The role of regulation in restoring nature and delivering net zero found regulation can play a critical role in delivering faster improvements and lowering societal costs by protecting the ecosystems that the economy relies on, providing businesses with a level playing field, and sending signals that incentivise innovation.
Noting the environment is different from other areas because of its complexity and interlinkages, the report identified four key principles environmental regulation should adopt:
the whole of the environment – highlighting the importance of not targeting one aspect of climate or nature without considering others;
multidisciplinary perspective – acknowledging the limitations of a narrow cost-benefit analysis approach to support decision making, and the importance of including evidence from a range of disciplines;
a cross-sector approach that emphasises the importance of considering multiple sectors to develop more consistent incentives, reduce costs and deliver greater environmental benefits than when sectors are viewed in isolation; and
fairness that outlines that it is important to make sure that location, ability-to-pay and intergenerational fairness are considered when determining where the burden of improving the environment should fall.
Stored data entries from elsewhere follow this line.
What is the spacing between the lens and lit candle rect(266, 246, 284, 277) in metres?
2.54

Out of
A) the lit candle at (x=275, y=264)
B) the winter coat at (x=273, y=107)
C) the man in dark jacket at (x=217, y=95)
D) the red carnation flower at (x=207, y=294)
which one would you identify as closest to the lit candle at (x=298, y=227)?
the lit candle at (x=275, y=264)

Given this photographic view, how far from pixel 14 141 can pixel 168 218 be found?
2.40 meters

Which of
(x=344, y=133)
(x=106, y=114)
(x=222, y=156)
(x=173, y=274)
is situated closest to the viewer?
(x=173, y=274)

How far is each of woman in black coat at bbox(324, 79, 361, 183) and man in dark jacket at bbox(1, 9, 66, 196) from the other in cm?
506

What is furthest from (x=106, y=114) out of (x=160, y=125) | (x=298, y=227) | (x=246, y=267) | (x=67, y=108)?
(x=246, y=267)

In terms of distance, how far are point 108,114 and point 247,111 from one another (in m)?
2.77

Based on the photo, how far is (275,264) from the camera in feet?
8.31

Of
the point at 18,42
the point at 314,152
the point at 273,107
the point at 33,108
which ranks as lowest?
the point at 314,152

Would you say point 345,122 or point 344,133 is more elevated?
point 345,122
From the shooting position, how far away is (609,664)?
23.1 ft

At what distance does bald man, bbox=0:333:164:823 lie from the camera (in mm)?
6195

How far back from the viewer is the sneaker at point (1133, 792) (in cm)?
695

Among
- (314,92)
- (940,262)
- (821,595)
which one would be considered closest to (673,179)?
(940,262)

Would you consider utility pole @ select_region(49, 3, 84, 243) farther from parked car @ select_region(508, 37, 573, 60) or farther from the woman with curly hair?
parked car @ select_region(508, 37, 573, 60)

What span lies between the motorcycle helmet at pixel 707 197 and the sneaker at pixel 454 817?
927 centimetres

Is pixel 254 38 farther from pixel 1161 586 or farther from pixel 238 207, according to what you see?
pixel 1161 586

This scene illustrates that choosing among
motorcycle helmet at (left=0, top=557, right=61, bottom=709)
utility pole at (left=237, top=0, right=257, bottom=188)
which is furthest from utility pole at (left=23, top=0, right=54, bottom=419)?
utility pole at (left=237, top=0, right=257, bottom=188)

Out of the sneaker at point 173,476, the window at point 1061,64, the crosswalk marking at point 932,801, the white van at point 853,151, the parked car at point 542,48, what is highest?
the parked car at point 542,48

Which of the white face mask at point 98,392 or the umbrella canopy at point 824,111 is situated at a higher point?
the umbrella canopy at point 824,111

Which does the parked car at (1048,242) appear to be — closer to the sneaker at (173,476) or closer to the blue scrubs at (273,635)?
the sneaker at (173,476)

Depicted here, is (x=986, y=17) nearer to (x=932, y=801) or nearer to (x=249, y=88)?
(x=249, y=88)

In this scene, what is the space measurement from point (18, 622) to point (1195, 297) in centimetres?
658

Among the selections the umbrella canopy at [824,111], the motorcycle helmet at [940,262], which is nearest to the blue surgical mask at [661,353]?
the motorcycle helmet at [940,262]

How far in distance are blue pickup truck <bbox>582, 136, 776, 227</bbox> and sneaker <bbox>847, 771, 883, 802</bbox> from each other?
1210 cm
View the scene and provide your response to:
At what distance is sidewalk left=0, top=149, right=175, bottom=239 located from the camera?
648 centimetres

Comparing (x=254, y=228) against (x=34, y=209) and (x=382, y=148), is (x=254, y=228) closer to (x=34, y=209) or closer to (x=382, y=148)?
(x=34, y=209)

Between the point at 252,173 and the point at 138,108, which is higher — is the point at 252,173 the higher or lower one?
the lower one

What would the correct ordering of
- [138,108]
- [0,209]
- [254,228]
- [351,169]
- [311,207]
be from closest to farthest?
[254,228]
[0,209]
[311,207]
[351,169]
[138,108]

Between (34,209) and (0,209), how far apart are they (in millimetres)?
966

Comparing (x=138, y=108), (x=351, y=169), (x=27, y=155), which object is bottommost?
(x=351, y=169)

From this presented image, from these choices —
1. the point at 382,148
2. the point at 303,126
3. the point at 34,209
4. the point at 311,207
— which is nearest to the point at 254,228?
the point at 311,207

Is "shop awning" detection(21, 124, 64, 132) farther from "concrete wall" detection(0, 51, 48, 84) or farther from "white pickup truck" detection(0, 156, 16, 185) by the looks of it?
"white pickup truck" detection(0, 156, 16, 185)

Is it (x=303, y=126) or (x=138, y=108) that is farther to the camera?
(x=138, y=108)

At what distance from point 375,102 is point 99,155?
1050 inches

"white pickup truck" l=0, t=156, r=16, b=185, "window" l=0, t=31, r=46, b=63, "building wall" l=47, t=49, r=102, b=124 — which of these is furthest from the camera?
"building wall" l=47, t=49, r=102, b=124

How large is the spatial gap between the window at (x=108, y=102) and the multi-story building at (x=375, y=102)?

The report also provided a practical checklist on how the principles can be applied in practice, and illustrated this with two case studies, one of which concerned water catchments.
Frontier Economics recommended policymakers make the following changes to green regulation.
Target outcomes not outputs: This should be the default for regulation, with deviations permitted when targeting the outcomes is too difficult or too costly – as long as regulators have evaluated the unintended consequences and transaction costs that come with targeting outputs.
Full assessment of societal costs and benefits: Building on guidance in the HM Treasury’s Green Book to move beyond narrow financial cost-benefit analysis (CBA), regulatory design and reform should draw on quantitative and qualitative evidence from other disciplines (biology, chemistry, ecology, economics, engineering and health).
Recognise the cost of inaction or insufficient action: There is an economic and social cost to doing nothing when it comes to the environment. However, some interpretations of the precautionary principle can intrench a status quo bias within regulators, so it is important that the damage from inaction is properly counted alongside the costs and benefits from action.
Innovation at scale for the environment: Regulation can help incentivise innovation at scale as it provides a level playing field and certainty for investment. New environmental regulation might come with risks but regulators cannot be overly risk-averse given the pace of change that is needed.
Factor in climate and nature tipping points and irreversibility: Tipping points in both climate and nature require special treatment as repairing damage past a tipping point may not be possible, contrary to much economic analysis which assumes damages can be reversed with sufficient money and effort.
Primary focus on polluter pays: The default for regulation should be that the polluter pays for the damage they are causing and they have flexibility in how they meet the requirements. When this is not possible, regulators should consider how the cost should be allocated and prioritise acting early to undo environmental damage over full cost recovery from past polluters.
Increased cross-sector collaboration: Current regulation is fragmented, and greater collaboration is required. The fact that environmental responsibilities are split across many bodies make it even more important to ensure that regulation takes a broad perspective. It also needs to be matched by greater comprehensive oversight.
Ensure the resources of regulators increase with their responsibilities: Meeting existing environmental objectives requires extra analysis and responsibilities for regulators, and new requirements place added demands on regulators. The financial and human resources available to regulators need to be increased accordingly.